IceCube already contains more than 5,000 individual sensors that measure such light signals. As part of the planned upgrade project, seven additional strings equipped with optical sensors will be installed in the middle of the existing 86 strings in deep ice. This will add 700 improved sensors being installed in the Antarctic summer of 2022/23.

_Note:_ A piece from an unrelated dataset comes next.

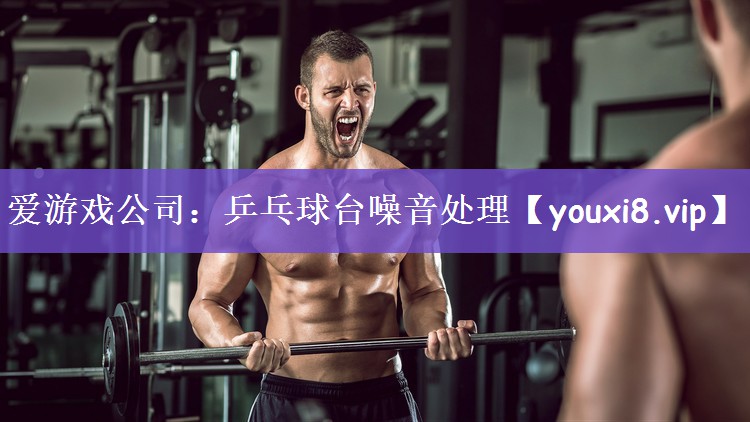 爱游戏公司：乒乓球台噪音处理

Development of optical sensors at Münster University
The planned IceCube Upgrade will have two new types of optical modules. One of the two new optical sensors, the "multi-pixel Digital Optical Module" (mDOM), was developed by German research groups at the Universities of Erlangen-Nürnberg and Münster and at DESY. Compared to the previous modules, the mDOMs, of which about 400 will be installed, have a significantly larger and segmented detection area and thus a significantly higher sensitivity. The research groups of the nine German universities participating in IceCube are developing and building the components of the module and, in addition, instruments which, among other things, are used for the precise calibration of the detector. "Neutrinos are the least understood particles in the standard model of particle physics," stresses Alexander Kappes, professor at the University of Münster and head of the mDOM project. "They have properties that the Standard Model cannot explain," he says.

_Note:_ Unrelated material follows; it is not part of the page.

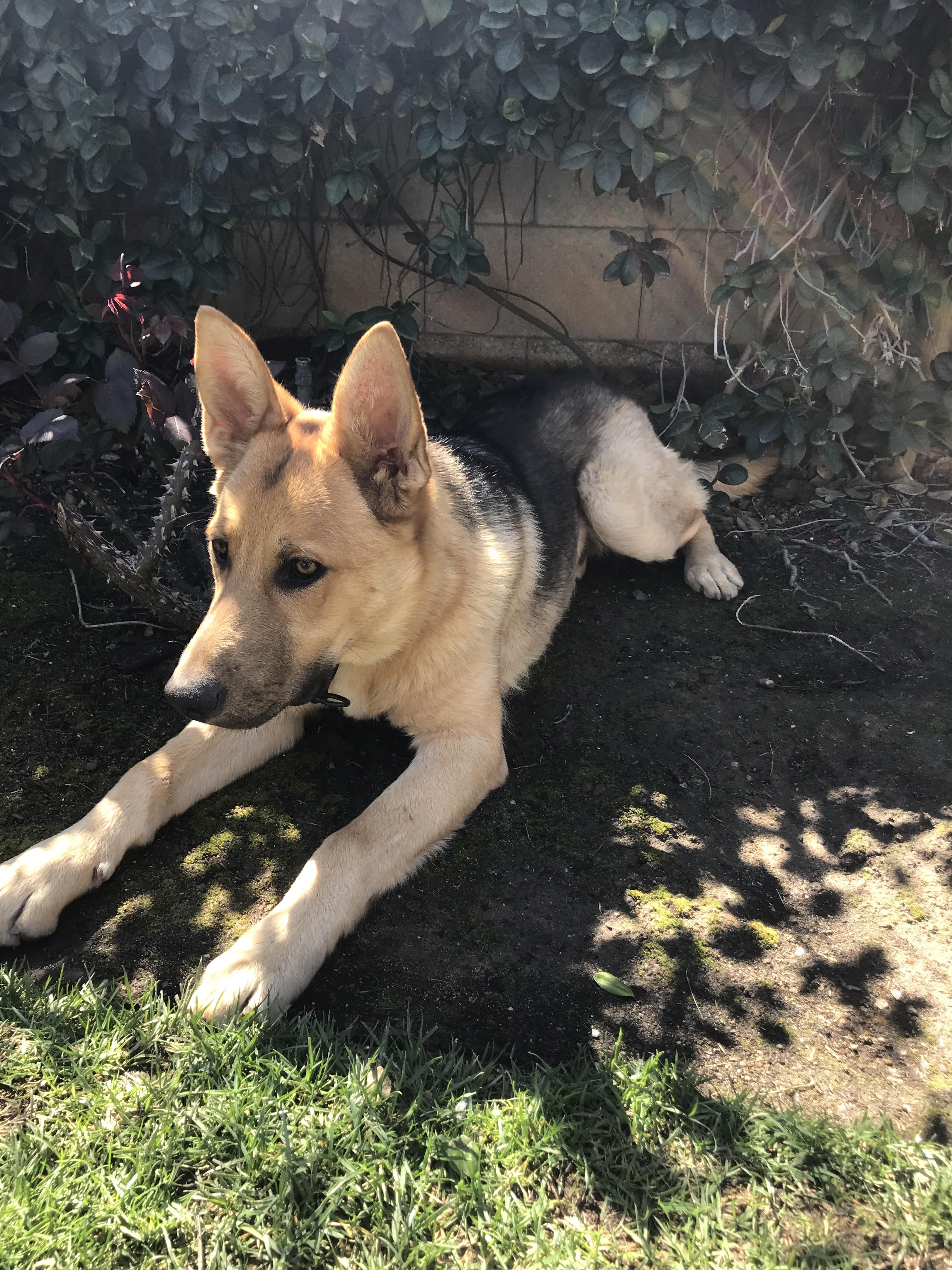 Our German Shepherd Champ at 5 months old! r/dogpictures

Neutrinos come in three flavours: electron, muon and tau neutrino. Surprisingly, the particles can switch back and forth between these. Physicists call this neutrino oscillation. One of the goals of the IceCube upgrade is to determine the parameters of neutrino oscillations with much higher precision than currently possible. A further goal is to measure the optical properties of the ice more precisely, which allows a better reconstruction of the properties of observed neutrinos in all energy ranges.
The research centres DESY and KIT are funding the subproject with 5.7 million euros for 430 "mDOMs" and are assembling them. “The IceCube upgrade will not only improve neutrino astronomy, but also our knowledge about neutrino itself,” says DESY scientist Timo Karg, project leader for the optical sensors in the IceCube upgrade. “We have already collected data with IceCube for ten years, and the upgrade will considerably enhance this data.”
“With the IceCube upgrade and the later expansion to IceCube-Gen2, this unique neutrino observatory expands our view into space at a crucial point and thus contributes to solving the puzzles about the physics of the highest energy processes in our universe,” says Andreas Haungs, head of the IceCube group at KIT.
About the IceCube project:
The IceCube Neutrino Observatory is located at the Amundsen-Scott South Pole Station. The observatory is managed and operated by the Wisconsin IceCube Particle Astrophysics Center at the University of Wisconsin-Madison. The scientific program is conducted by the international IceCube collaboration with more than 300 scientists from 52 institutes in twelve countries. After the USA, Germany is the most important partner for IceCube. Here the Universities of Aachen, Berlin (Humboldt University), Bochum, Dortmund, Erlangen-Nürnberg, Mainz, Munich (Technical University), Münster and Wuppertal, as well as the Helmholtz Centres DESY and the Karlsruhe Institute of Technology (KIT) are involved.